I've been putting this off... I don't like the way I feel about this Administration... I want to admit that perhaps they were right about just plopping our culture and values into a country like Iraq and everyone living happily ever after... I can't do that and it irritates me. This is the guy who was flown out to the Abraham Lincoln on May 2, 2003, to announce "mission accomplished" in Iraq... not that we had Sadam Hussein in custody at the time... or Osama bin Laden for that matter (remember him?... the one who did attack us?). I just can't buy into it.
I think
Eric Alterman captured where I'm coming from today. It goes a little deeper maybe... Even if the new Iraqi government goes on to write a beautiful constitution and to hold fair and free elections and survives in peace and prosperity for a thousand years, that does not make invading Iraq right. A happy ending would be nice, but we have not treated others as we would wish to be treated.
If you scroll down in Alterman's blog, you'll notice a letter from Charles Pierce that I'm going to copy here, too. It mirrored my thoughts as I looked at the pictures of people who had walked for hours to stand in line to vote in Iraq. On the best day of George Bush's life all he did was to perhaps hasten their opportunity. Those folks... .whether it was 70% or 50% or 10%... literally walked the walk... no kevlar... no armor... to vote. Bless their hearts.
From Charles Pierce:
You do not own their courage.
The people who stood in line Sunday did not stand in line to make Americans feel good about themselves.
You do not own their courage.
They did not stand in line to justify lies about Saddam and al-Qaeda, so you don't own their courage, Stephen Hayes.
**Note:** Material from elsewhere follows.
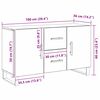 Produkt-Miniaturbild 13 von 13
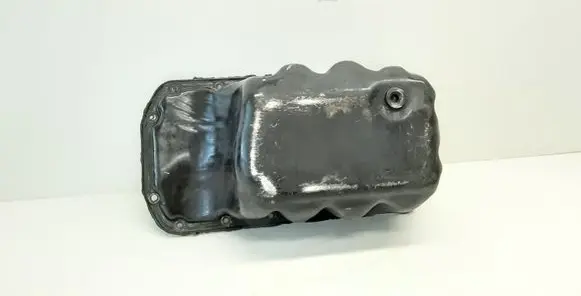 Peugeot 308 Oil sump V755048380 V75504838004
They did not stand in line to justify lies about weapons of mass destruction, or to justify the artful dodginess of Ahmad Chalabi, so you don't own their courage, Judith Miller. They did not stand in line to provide pretty pictures for vapid suits to fawn over, so you don't own their courage, Howard Fineman, and neither do you, Chris Matthews.
You do not own their courage.
They did not stand in line in order to justify the dereliction of a kept press. They did not stand in line to make right the wrongs born out of laziness, cowardice, and the easy acceptance of casual lying. They did not stand in line for anyone's grand designs. They did not stand in line to play pawns in anyone's great game, so you don't own their courage, you guys in the PNAC gallery.
You do not own their courage.
They did not stand in line to provide American dilettantes with easy rhetorical weapons, so you don't own their courage, Glenn Reynolds, with your cornpone McCarran act out of the bowels of a great university that deserves a helluva lot better than your sorry hide. They did not stand in line to be the instruments of tawdry vilification and triumphal hooting from bloghound commandos. They did not stand in line to become useful cudgels for cheap American political thuggery, so you don't own their courage, Freeper Nation.
You do not own their courage.
They did not stand in line to justify a thousand mistakes that have led to more than a thousand American bodies. They did not stand in line for the purpose of being a national hypnotic for a nation not even their own. They did not stand in line for being the last casus belli standing. They did not stand in line on behalf of people's book deals, TV spots, honorarium checks, or tinpot celebrity. They did not stand in line to be anyone's talking points.
You do not own their courage.
We all should remember that.

1 comment:

Wolfmoonlady said...

Thanks for writing about the Iraq elections - and for citing Charles Pierce's wonderful response to Eric Alterman.